A constitutional claim is also reviewed for harmless error. Chapman v. California, 386 U.S. 18, 21–24, 87 S.Ct. 824, 17 L.Ed.2d 705 (1967). However, the harmless error standard varies for constitutional claims, which require reversal “unless the State demonstrates, beyond a reasonable doubt, that the error did not contribute to the verdict.” Valdez v. State, 124 Nev. 1172, 1188–89, 196 P.3d 465, 476 (2008) (citing Chapman v. California, 386 U.S. 18, 24, 87 S.Ct. 824, 17 L.Ed.2d 705 (1967) ). If the defendant fails to preserve the error by proper objection, plain error review applies. Id. at 1190, 196 P.3d 465, 196 P.3d at 477 (citing United States v. Olano, 507 U.S. 725, 731–32, 113 S.Ct. 1770, 123 L.Ed.2d 508 (1993) ). Plain error affects substantial rights and requires “actual prejudice or a miscarriage of justice.” Green v. State, 119 Nev. 542, 545, 80 P.3d 93, 95 (2003).

Finally, waiver occurs when a defendant intentionally relinquishes a known right. Waiver of a right extinguishes any error and precludes appellate review. See United States v. Olano, 507 U.S. 725, 733, 113 S.Ct. 1770, 123 L.Ed.2d 508 (1993).

A. Theft report

Bautista challenges the district court's refusal to allow him to question M.C. about the circumstances giving rise to her theft report as both constitutional and evidentiary error. First, he contends that the district court's ruling deprived him of his due process right to present evidence tending to prove his theory of the case and to confront M.C. fully. See Vipperman v. State, 96 Nev. 592, 596, 614 P.2d 532, 534 (1980). Second, he argues that under Drake v. State, 108 Nev. 523, 836 P.2d 52 (1992), and Cox v. State, 102 Nev. 253, 721 P.2d 358 (1986), this evidence was admissible despite the rape shield statutes. While we conclude that the rape shield statutes support the district court's split ruling as to the sexual assault charges, the exclusion of the details underlying the theft report deprived Bautista of the right to present evidence directly relevant to his defense of the kidnapping charge. We therefore uphold the district court's handling of the theft report evidence as to the sexual assault charge but reverse and remand for retrial on the kidnapping count.
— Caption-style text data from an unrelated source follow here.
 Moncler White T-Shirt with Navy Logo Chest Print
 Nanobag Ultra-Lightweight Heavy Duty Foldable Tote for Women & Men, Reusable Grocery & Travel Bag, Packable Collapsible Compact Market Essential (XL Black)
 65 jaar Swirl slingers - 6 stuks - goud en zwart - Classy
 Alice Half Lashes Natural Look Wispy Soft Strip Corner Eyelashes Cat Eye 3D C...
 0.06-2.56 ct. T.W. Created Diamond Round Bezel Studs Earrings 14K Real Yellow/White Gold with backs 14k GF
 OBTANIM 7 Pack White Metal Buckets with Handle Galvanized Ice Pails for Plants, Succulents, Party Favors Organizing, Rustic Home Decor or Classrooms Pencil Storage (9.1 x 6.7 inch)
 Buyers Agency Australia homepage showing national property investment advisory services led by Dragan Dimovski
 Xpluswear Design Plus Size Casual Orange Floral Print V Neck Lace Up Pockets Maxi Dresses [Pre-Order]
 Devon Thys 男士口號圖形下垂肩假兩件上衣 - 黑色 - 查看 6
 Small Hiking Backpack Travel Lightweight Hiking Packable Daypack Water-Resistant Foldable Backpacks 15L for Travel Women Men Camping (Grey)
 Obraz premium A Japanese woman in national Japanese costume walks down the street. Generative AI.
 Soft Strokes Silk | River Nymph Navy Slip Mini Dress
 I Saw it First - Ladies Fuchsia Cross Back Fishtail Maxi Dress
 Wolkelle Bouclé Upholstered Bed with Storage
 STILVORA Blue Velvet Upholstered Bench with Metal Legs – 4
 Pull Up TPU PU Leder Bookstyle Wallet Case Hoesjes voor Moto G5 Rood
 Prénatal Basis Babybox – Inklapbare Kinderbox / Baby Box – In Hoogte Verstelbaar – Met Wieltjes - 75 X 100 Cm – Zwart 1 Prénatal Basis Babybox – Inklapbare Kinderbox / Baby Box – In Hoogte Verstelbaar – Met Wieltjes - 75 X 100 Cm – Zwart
Our analysis begins with the relevant statutes. As Bautista emphasizes, Nevada law permits the admission of “[e]vidence of the character or a trait of character of the victim of the crime offered by an accused.” NRS 48.045(l)(b). However, such evidence is subject to Nevada's rape shield statute, which provides that, in “any prosecution for sexual assault or statutory sexual seduction or for attempt to commit or conspiracy to commit either crime,” NRS 50.090, the victim's previous sexual conduct is not admissible to challenge the victim's credibility or to prove consent to the sexual encounter (unless the court has already admitted evidence about such conduct from the victim or the State). Id.; see NRS 48.045(l)(b), (c). Notably, NRS 50.090 does not address use of such evidence in other types of cases, such as kidnapping. Cf. State v. Wyatt, 84 Nev. 731, 734, 448, P.2d 827, 829 (1968) (“The mention of one thing implies the exclusion of another.”). Finally, even when character or a trait of character is admissible, NRS 48.055 and NRS 50.085 restrict the methods of proving it.

The legal and logical relevance of the theft report evidence to the sexual assault charges is attenuated, at best. Nothing in the theft report suggests that M.C.'s allegation of having been the victim of a theft at the Virgin River Hotel and Casino was false. On the contrary, that part of M.C.'s report appears truthful. The district judge allowed Bautista to establish that M.C. had lied to the police on a prior occasion. The only remaining relevance of the theft report incident to the sexual assault charges was to support an inference that, having consented to sex as a prostitute on another occasion, M.C. likely consented to the sexual encounter(s) between her and Bautista at the abandoned restaurant and burned-out car. This use of that evidence, however, is flatly interdicted by NRS 50.090 as, indeed, Bautista conceded in the district court. Thus, we find no legal error or abuse of discretion as to the limitations the district court placed on Bautista's use of the theft report evidence in defense of the sexual assault charges.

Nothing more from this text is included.